A Brief Discussion on the Representation of Disability in Context of Periodicals across the Transatlantic Moonstone; Ezra Jennings' Fourth Narrative
The Moonstone, by Wilkie Collins, is a serialized novel published across several months in 1868 across the Atlantic in the United State's magazine, Harper's Weekly: A Journal of Civilization, and the British literary journal, All The Year Round: A Weekly Journal. The transAtlantic novel demonstrates two very different portrayals of the same story due to the variants of contextual material in each serialization. Harper's Weekly represents the American interpretation, bookending the chapter from The Moonstone with civil war commentary, short stories and advertisements. In contrast to the British literary journal, All The Year Round, which opens with a chapter from The Moonstone and concludes with various classifications of literature.
The chapter analyzed in this exhibit is the first half of the Fourth Narrative, Ezra Jennings' personal journal, featuring self-reflections and his combat with an unseen disability. Harper's Weekly provides multiple examples surrounding the topic of disability, death and misery in context with the narrative of Ezra Jennings, who repeatedly discusses the very same topics in the context of his disability and opium addiction. However, All The Year Round fails to acknowledge the topic of disability in the literature that follows the chapter; resistance to the topic speaks volumes for the journal's opinion on disability. Reflecting the two periodicals contextualization of the story allows the reader to develop different opinions in association with the novel.
Mark Mossman begins outlining the definition of disability in his Article, Representations of the Abnormal Body in The Moonstone, as "The category of disability begins to emerge within these conflicting modernized discourses on the function and significance of the normal and the abnormal body." (485). Following the application of this idea, the depiction of death and disability in Harper's Weekly creates an atmosphere of normalization in context. Whereas All The Year Round lacks a display of disability, treating the disabled as the abnormal, the peripheral members of society, fitting outside the stereotype of "normal". A possible reason why disability is not discussed within the British journal is due to the fact that the editor in chief, Charles Dickens, a friend to Wilkie collins, "Occasionally took steps to censor Collins work" (Prindle, pp 56), due to the fact his audience was upper to middle-class individuals.

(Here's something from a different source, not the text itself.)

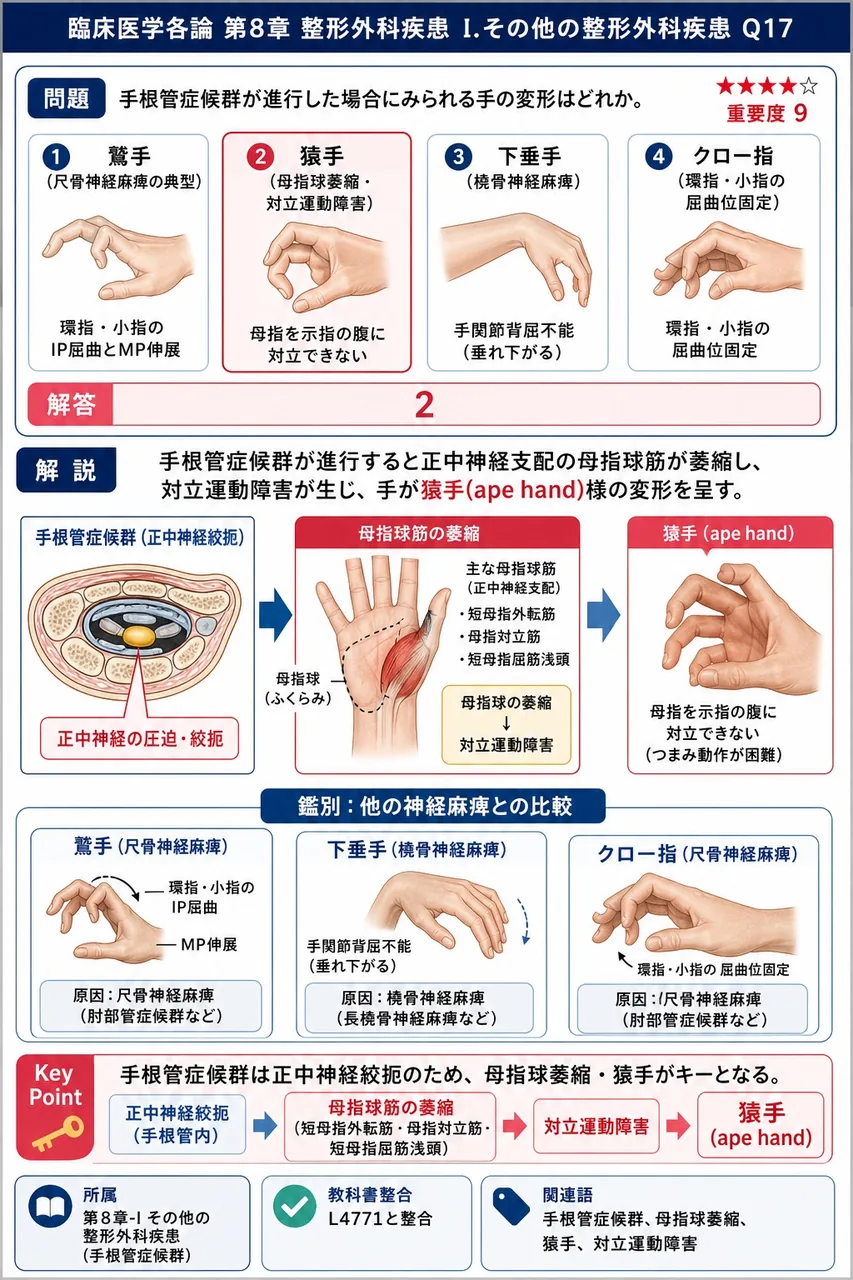 手根管症候群が進行した場合にみられる手の変形はどれか。 解説図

The individual elements in this exhibit acknowledge the normalization of disability in Harper's Weekly, and the frequency it is used between literary elements and advertisements.
Works Cited:
Prindle, Joshua. Morality and Medicine: Opium and Addiction in Wilkie Collins's and Armadale and The Moonstone. Iowa State University, Ann Arbor, 2017. PhD Dissertation.
Mossman, Mark. “REPRESENTATIONS OF THE ABNORMAL BODY IN THE MOONSTONE.” Victorian Literature and Culture, vol. 37, no. 2, 2009, pp. 483–500.
Levy, Eric. “Wilkie Collins' The Moonstone and the Problem of Pain in Life.” Victorian Review, vol. 28, no. 1, 2002, pp. 66–79. JSTOR, www.jstor.org/stable/27793483.
Harper’s Weekly: A Journal of Civilization. July 18th 1868. Pp 430-464
All the year Round: A Weekly Journal. Edited by Charles Dickens. July 25th 1868. Edited by Charles Dickens
Collins, Wilkie. The Moonstone, edited by John Sutherland, Oxford University Press, 2008.